Requirement ->
Restate word for word the lines of the records below, starting at the line that contains "Poloshirt mit Label-Stitching" and ending at the line that contains "GENE MURRAY DUCK", with both of those lines included and nothing else.

Stored entries ->
--

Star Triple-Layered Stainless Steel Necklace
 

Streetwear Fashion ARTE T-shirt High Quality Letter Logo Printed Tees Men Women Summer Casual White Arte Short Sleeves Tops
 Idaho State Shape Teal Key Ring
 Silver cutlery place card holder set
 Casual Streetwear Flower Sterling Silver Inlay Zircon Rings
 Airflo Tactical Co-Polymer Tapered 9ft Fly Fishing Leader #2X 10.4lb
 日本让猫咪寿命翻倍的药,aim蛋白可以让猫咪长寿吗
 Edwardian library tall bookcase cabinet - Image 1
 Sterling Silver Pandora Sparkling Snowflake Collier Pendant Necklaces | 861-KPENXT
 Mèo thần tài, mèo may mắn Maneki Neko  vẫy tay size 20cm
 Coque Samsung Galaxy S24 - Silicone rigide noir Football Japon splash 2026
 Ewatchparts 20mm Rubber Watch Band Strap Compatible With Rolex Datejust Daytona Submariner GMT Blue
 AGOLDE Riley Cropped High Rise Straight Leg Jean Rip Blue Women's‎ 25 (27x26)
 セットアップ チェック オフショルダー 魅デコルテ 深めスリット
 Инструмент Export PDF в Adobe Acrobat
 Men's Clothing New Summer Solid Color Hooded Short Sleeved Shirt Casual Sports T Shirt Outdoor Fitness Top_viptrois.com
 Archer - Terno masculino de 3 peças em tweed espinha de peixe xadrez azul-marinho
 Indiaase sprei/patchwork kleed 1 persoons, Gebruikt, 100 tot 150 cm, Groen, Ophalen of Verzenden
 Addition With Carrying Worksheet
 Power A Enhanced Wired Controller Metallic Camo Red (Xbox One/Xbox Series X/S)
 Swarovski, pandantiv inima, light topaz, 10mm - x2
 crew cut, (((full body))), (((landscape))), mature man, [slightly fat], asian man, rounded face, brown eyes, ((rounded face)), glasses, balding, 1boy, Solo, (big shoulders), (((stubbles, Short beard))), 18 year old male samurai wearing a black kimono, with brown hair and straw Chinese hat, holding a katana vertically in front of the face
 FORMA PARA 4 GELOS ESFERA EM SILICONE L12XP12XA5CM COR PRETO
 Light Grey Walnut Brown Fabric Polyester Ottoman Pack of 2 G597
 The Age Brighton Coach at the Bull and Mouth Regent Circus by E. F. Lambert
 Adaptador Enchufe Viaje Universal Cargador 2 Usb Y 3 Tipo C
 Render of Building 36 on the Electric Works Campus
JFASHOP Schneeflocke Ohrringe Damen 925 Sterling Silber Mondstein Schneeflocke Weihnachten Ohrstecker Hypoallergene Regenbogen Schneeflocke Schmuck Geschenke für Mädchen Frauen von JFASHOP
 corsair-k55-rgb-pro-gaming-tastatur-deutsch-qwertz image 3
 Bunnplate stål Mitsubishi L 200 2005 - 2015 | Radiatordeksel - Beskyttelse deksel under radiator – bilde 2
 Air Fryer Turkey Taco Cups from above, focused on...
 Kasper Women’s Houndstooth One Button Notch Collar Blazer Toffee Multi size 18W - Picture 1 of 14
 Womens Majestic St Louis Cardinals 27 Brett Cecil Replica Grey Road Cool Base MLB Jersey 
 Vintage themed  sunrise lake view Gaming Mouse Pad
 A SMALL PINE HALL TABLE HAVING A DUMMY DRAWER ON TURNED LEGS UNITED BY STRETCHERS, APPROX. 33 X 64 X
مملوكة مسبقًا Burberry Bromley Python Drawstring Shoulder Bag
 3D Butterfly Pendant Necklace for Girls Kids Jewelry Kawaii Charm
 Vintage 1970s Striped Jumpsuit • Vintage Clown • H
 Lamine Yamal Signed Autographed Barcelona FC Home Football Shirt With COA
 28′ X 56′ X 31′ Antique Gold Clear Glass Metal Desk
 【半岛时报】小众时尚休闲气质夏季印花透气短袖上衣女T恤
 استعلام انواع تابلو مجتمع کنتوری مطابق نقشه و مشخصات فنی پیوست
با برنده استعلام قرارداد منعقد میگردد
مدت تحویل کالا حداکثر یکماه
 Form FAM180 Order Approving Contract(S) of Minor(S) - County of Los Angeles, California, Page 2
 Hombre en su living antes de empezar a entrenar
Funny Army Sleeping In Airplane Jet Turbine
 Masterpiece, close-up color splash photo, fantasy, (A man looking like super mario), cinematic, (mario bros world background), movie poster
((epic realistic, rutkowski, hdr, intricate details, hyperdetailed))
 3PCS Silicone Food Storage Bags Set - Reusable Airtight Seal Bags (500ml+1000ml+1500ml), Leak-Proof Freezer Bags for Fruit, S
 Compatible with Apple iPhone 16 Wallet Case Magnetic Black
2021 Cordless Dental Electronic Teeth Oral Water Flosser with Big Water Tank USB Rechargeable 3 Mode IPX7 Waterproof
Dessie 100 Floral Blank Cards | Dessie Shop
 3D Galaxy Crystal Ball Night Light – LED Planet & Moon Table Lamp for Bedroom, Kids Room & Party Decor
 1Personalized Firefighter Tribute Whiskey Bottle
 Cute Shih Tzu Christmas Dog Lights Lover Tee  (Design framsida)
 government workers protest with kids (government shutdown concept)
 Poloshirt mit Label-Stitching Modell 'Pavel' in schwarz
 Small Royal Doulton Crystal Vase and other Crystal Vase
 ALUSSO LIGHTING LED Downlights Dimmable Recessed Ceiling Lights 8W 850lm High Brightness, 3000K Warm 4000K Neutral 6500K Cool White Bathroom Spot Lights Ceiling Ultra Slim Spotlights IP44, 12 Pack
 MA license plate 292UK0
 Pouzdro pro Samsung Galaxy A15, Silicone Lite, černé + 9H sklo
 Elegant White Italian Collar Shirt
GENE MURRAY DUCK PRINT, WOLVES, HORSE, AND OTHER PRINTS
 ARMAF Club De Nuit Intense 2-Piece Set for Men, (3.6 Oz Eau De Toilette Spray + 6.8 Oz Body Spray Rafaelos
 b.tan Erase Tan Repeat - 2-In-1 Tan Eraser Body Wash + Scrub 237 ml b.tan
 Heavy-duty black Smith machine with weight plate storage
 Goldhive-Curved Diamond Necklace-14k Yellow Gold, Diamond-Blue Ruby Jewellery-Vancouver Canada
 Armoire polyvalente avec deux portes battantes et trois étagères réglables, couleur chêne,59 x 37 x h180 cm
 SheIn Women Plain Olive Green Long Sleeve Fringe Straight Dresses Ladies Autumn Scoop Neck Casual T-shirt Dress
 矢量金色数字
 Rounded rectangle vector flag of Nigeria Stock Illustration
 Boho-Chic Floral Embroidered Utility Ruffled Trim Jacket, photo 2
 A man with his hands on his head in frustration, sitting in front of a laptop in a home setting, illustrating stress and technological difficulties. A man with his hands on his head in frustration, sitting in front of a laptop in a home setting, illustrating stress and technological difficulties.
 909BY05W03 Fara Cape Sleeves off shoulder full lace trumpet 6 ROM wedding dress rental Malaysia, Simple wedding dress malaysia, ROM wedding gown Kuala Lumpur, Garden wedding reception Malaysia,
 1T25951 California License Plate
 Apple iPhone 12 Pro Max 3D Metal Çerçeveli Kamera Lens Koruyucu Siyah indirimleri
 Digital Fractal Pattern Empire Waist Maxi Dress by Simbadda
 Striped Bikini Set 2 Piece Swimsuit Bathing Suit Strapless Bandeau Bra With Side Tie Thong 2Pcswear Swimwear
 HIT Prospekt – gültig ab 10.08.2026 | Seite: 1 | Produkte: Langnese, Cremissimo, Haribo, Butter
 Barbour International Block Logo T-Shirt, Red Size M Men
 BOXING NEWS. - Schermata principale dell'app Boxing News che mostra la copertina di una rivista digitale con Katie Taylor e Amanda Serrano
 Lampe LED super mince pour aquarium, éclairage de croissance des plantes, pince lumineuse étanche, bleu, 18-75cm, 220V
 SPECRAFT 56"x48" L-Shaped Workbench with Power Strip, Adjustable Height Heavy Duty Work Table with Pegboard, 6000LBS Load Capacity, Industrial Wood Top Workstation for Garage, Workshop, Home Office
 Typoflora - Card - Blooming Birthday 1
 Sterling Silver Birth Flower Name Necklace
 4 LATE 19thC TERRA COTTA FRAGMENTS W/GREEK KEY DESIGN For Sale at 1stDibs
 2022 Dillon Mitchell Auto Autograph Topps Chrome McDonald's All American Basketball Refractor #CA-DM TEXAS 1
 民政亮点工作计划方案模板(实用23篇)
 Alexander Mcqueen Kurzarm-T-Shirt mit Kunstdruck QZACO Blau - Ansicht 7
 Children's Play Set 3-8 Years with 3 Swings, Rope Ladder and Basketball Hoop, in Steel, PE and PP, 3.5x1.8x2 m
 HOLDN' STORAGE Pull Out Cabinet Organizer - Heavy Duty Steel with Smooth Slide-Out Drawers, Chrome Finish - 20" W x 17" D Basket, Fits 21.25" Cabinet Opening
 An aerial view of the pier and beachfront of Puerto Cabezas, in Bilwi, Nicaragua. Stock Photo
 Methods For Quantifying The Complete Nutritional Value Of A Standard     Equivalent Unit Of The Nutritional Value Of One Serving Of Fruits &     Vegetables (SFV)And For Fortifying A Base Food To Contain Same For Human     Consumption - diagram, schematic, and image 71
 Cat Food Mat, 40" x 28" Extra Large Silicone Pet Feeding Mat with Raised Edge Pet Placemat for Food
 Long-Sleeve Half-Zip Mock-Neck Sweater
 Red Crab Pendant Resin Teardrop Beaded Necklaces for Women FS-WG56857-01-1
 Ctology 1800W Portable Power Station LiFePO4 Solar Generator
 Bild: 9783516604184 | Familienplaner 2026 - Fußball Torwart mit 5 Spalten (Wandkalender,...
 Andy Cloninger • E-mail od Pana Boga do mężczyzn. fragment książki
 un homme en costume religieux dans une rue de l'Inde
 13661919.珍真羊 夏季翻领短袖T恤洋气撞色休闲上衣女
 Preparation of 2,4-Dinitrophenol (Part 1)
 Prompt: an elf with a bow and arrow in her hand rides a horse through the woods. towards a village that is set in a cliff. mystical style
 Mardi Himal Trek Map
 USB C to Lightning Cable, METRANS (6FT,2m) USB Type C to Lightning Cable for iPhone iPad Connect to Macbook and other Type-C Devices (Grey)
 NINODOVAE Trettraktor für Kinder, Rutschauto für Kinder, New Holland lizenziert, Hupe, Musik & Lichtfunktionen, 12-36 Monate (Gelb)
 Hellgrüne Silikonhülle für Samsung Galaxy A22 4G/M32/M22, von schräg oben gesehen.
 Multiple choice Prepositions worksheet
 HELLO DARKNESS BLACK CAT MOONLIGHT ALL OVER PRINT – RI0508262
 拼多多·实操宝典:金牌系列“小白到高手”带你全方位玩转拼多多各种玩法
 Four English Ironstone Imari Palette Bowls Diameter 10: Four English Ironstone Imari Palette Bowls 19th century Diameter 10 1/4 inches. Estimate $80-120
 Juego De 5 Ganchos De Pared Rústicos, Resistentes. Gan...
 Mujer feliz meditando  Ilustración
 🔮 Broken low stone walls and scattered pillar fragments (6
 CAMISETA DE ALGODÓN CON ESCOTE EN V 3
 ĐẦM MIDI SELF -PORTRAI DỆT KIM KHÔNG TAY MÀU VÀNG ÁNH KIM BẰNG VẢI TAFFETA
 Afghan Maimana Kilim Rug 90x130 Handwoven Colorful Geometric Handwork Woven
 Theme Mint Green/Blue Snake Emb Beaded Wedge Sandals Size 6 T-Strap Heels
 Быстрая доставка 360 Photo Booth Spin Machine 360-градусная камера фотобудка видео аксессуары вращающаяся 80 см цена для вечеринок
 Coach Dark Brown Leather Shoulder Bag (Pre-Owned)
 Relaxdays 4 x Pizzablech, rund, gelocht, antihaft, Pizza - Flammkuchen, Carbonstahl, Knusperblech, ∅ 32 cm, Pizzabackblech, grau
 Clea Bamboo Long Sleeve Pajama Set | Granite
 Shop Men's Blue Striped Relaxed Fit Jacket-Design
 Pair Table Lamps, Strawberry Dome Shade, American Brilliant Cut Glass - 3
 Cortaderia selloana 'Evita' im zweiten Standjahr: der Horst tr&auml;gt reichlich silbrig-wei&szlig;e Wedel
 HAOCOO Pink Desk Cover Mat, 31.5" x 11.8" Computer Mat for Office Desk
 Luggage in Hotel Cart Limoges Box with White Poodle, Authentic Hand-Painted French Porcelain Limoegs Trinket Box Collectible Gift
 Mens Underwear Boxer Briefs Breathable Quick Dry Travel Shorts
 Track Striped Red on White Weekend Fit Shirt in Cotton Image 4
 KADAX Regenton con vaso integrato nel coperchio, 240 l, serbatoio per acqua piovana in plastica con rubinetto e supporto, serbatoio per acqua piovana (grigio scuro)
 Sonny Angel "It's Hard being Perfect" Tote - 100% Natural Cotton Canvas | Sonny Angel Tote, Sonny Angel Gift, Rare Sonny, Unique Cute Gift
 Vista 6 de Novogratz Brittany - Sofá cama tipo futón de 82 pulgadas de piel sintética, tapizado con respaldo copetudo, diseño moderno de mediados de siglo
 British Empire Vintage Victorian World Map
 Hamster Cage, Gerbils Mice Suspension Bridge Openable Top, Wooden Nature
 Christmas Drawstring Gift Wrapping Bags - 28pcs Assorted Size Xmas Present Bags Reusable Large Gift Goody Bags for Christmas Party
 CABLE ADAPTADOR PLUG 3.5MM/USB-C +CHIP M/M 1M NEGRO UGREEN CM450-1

--

Written reply ->
 Poloshirt mit Label-Stitching Modell 'Pavel' in schwarz
 Small Royal Doulton Crystal Vase and other Crystal Vase
 ALUSSO LIGHTING LED Downlights Dimmable Recessed Ceiling Lights 8W 850lm High Brightness, 3000K Warm 4000K Neutral 6500K Cool White Bathroom Spot Lights Ceiling Ultra Slim Spotlights IP44, 12 Pack
 MA license plate 292UK0
 Pouzdro pro Samsung Galaxy A15, Silicone Lite, černé + 9H sklo
 Elegant White Italian Collar Shirt
GENE MURRAY DUCK PRINT, WOLVES, HORSE, AND OTHER PRINTS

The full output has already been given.